_YOUR ASSIGNMENT_.
The reply should contain every entry exactly as given, with no pictures in it.

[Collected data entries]
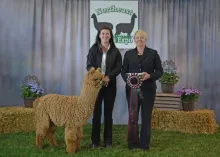 A Wanted MAN - SOLD TO SUN STAR Alpacas (germany) - Cornelia Kerscher And Daniel Weinfurter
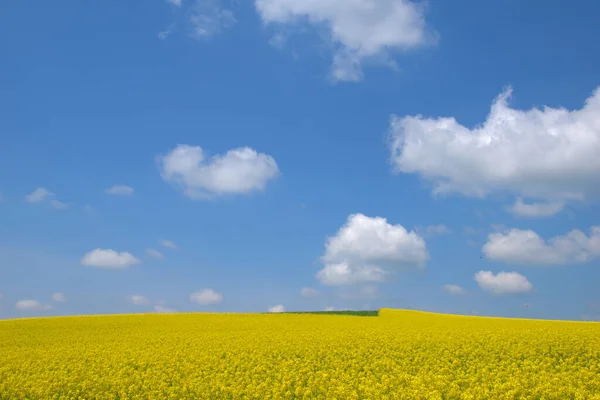 Eine Landschaft Aus Gelben Rapsfeldern Mit Rapsblüten Unter Blauem Himmel — Stockfoto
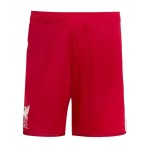 Pantalones Cortos Locales Masculinos Liverpool 2026/27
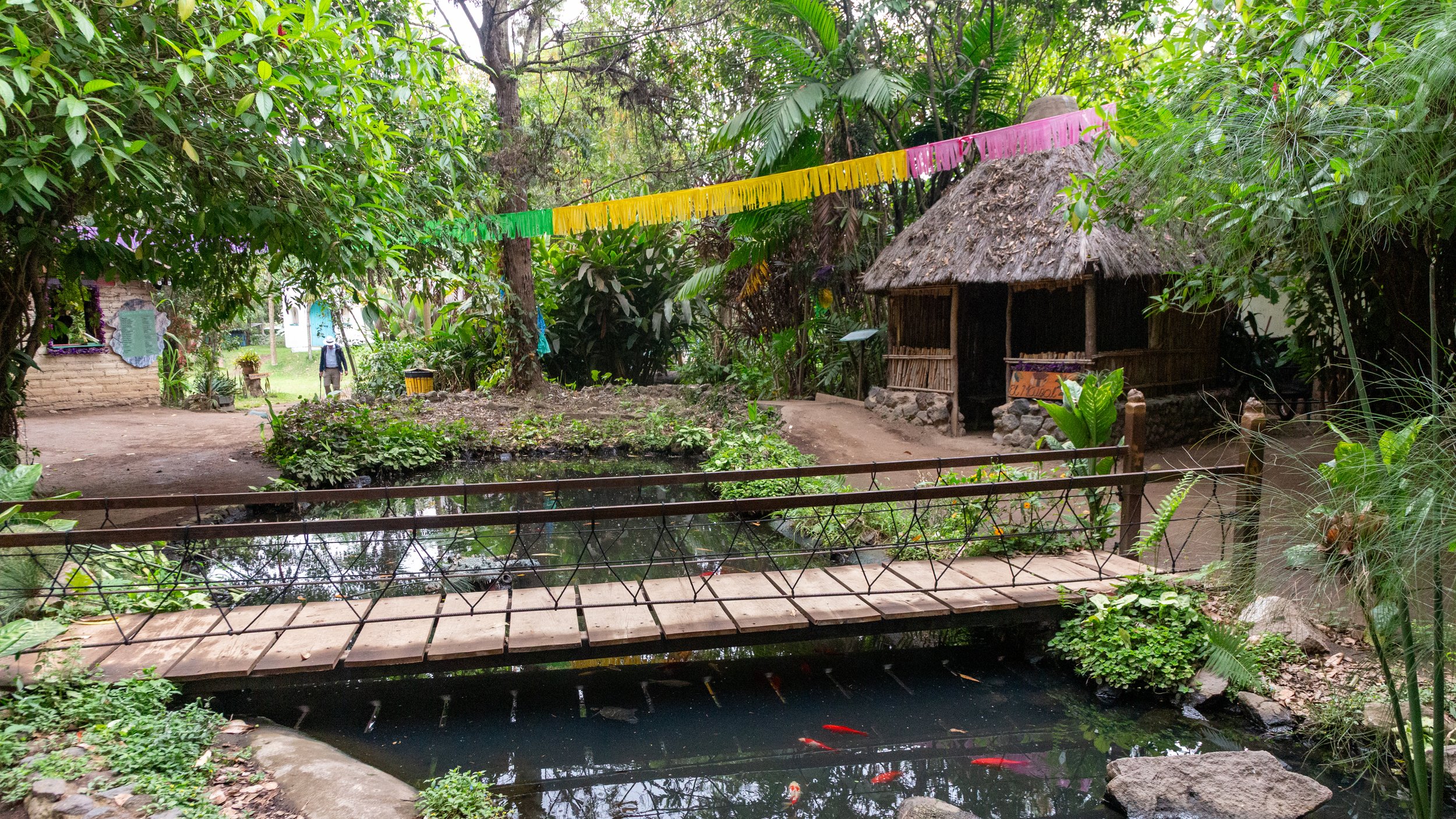  Koi pond 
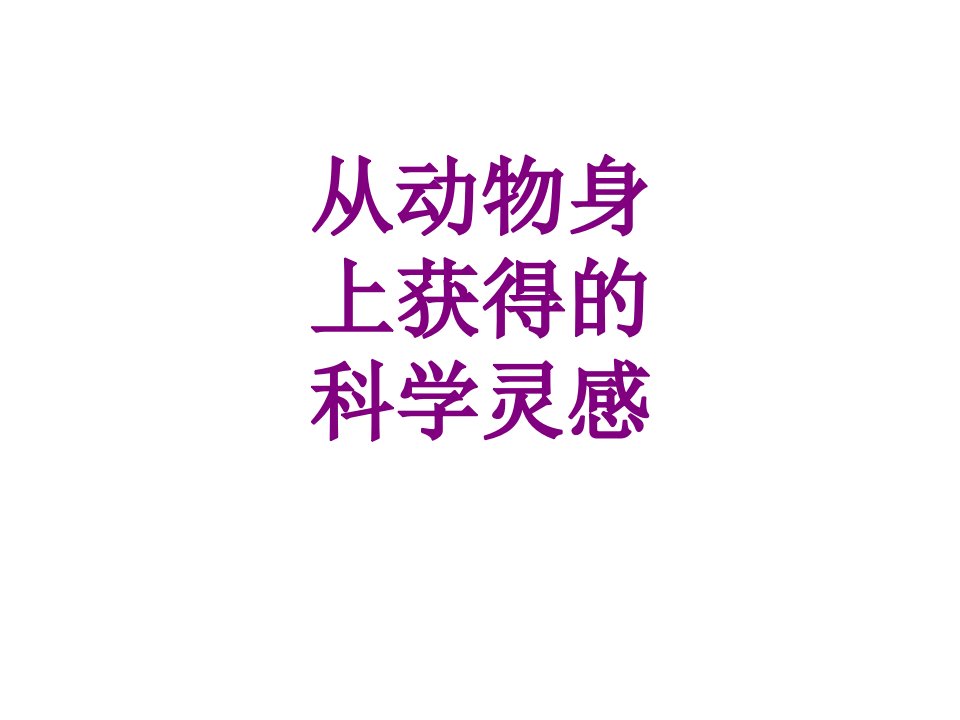 从动物身上获得的科学灵感经典课件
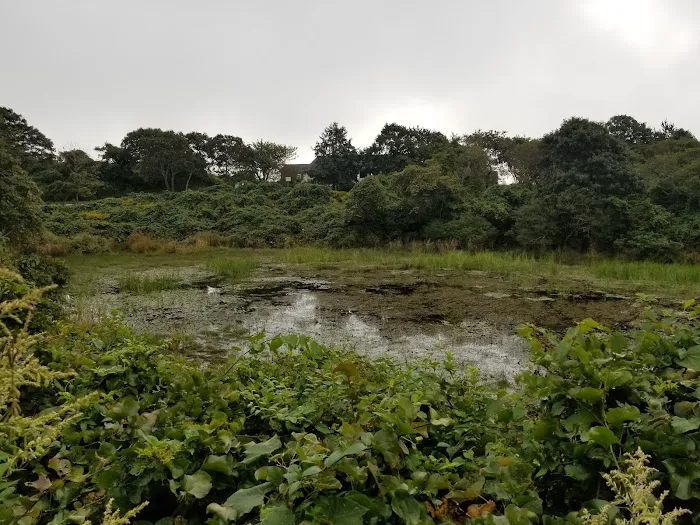 Hopping Frog Pond Picture 4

_OUTPUT OF THE EXERCISE_.
 A Wanted MAN - SOLD TO SUN STAR Alpacas (germany) - Cornelia Kerscher And Daniel Weinfurter
 Eine Landschaft Aus Gelben Rapsfeldern Mit Rapsblüten Unter Blauem Himmel — Stockfoto
 Pantalones Cortos Locales Masculinos Liverpool 2026/27
  Koi pond 
 从动物身上获得的科学灵感经典课件
 Hopping Frog Pond Picture 4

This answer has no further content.